Week 150 (20 – 26 August 2016)
"Yes" was all Japan's Prime Minister Shinzo Abe needed to say in order to deliver a message about the Tokyo 2020 Olympic and Paralympic Games that will characterise the next four years of preparations.
Abe said "yes" to the suggestion that he, Japan's head of government, dressed up as the iconic Nintendo computer game character Super Mario and played a part in Tokyo 2020's handover ceremony at the Rio 2016 Closing Ceremony.
Leaving aside the obvious security risks involved in placing Abe in the centre of a stadium without any of his entourage close by, the potential risk to reputation - should the stunt have gone wrong - was significant.
But having agreed to it, having agreed to communicate to the world a lighter side of his and Japan's national character, Abe was a faultless performer.
For those who haven't seen the handover, Abe's scene starts with him in the back of a government car in Tokyo declaring that he “will not make it to Rio in time!”

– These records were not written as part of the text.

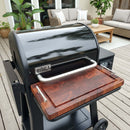 Shop BBQ Boards Weber Searwood 600 Front Board large grill cutting board for pellet grill with folding front table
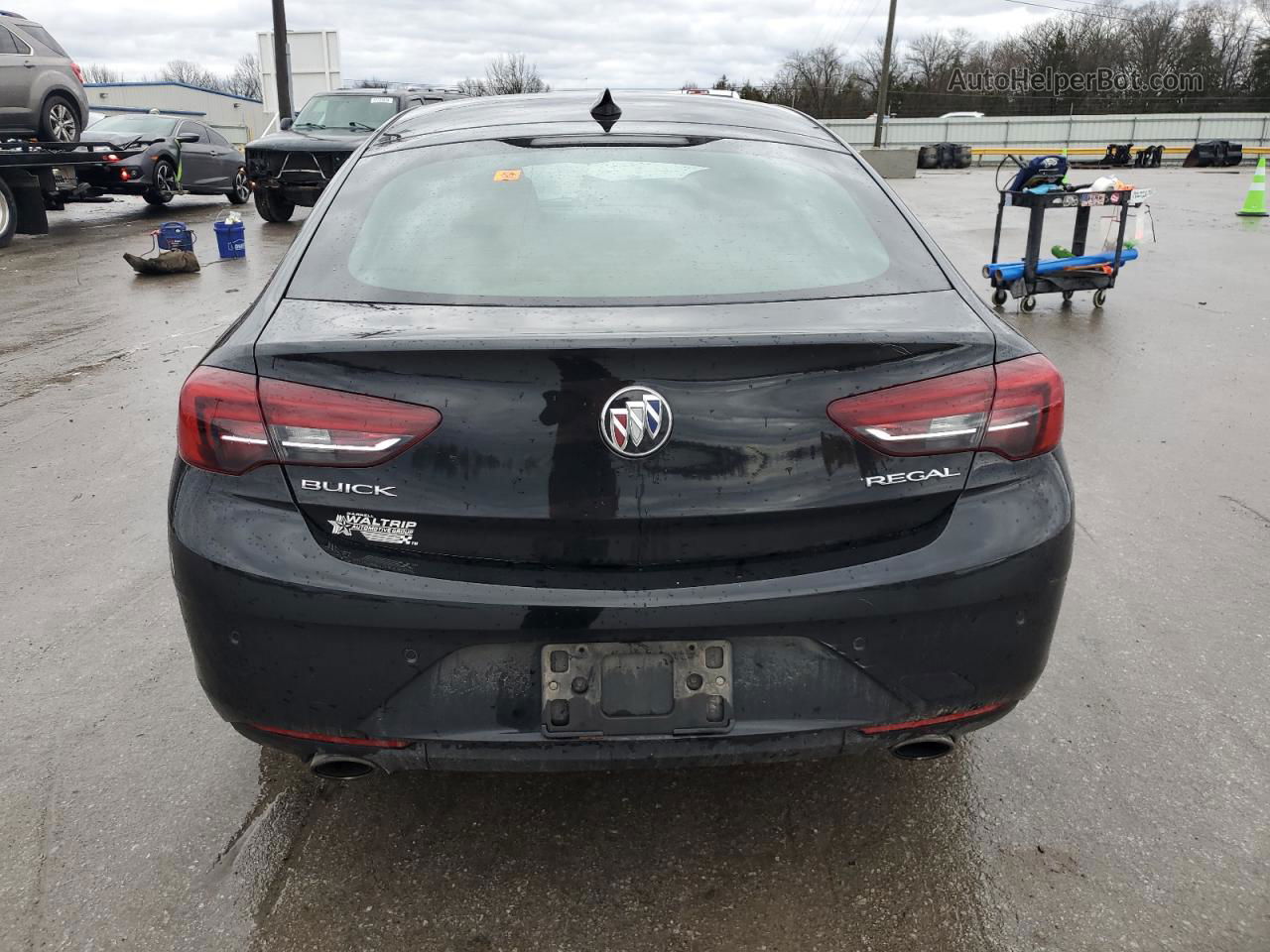 2018 Buick Regal Preferred Black vin: W04GL6SX3J1158146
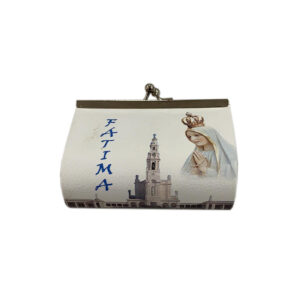 PORTAMONEDAS PVC FÁTIMA
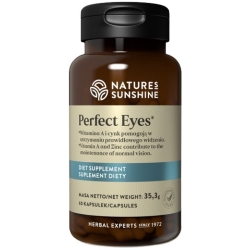 Nature's Sunshine Perfect Eyes 60kapsułek cena 164,90zł
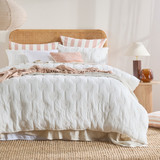 Sianna Palm Quilt Cover Set [HABBSIANNAQC]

He then morphs into Super Mario whilst the scene blends into a computer game, transporting him through the centre of the earth, from Tokyo to Rio. On arrival in Rio, where human reality returns, Abe, dressed as Super Mario, bursts out of a giant green pipe in the centre of the Maracanã Stadium. The image only lasts for a moment before Abe's attire falls away to reveal Abe the power politician, dressed in a suit, waving to a stunned crowded in the stadium and a disbelieving TV audience.
In that small moment Tokyo 2020 distinguished itself from Beijing 2008's power and pride and London 2012's energy and humour, with its own identity, which it can build a narrative around over the next four years.
And all because Shinzo Abe said "yes".